▶ **ASSIGNMENT**
Look below for the line with "Kids Electronic Pets" and the line with "HUF Pertex Puffer Jacket - Russet"; repeat exactly those two lines and all lines between them, but no pictures.

[EXERCISE INPUT — start]

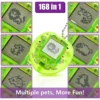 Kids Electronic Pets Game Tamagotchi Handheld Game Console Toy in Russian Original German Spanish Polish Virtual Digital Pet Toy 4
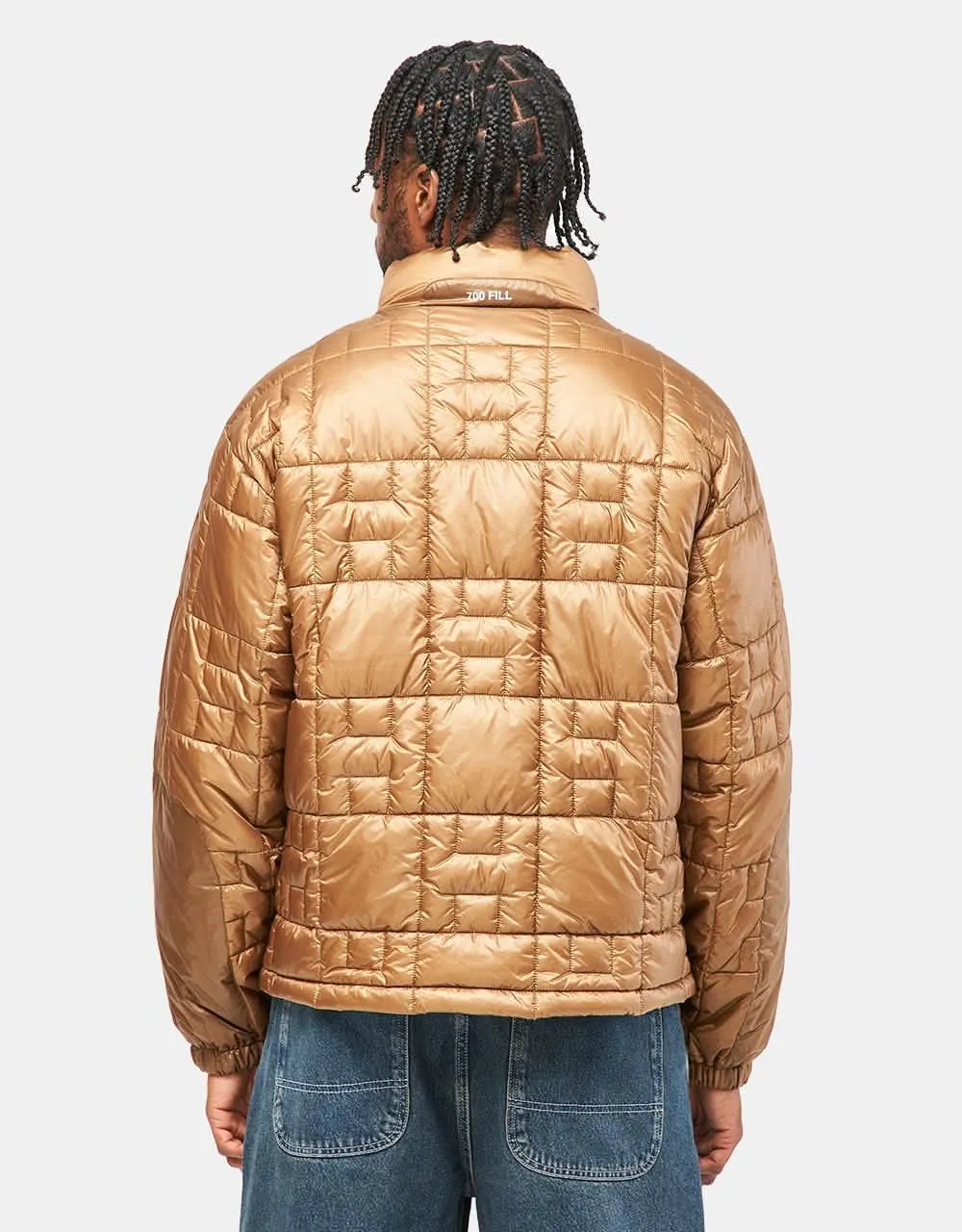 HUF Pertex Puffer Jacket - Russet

[EXERCISE INPUT — finish]
[EXERCISE INPUT — start]

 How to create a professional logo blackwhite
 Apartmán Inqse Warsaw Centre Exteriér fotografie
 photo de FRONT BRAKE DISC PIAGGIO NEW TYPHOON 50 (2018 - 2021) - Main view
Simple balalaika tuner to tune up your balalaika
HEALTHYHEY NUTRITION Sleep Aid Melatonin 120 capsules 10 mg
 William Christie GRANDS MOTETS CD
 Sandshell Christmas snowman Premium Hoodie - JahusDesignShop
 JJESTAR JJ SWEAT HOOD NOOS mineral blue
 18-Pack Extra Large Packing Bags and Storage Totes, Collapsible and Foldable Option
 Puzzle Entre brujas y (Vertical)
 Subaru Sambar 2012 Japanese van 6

[EXERCISE INPUT — finish]

▶ **ANSWER TO THIS EXERCISE**
 Kids Electronic Pets Game Tamagotchi Handheld Game Console Toy in Russian Original German Spanish Polish Virtual Digital Pet Toy 4
 HUF Pertex Puffer Jacket - Russet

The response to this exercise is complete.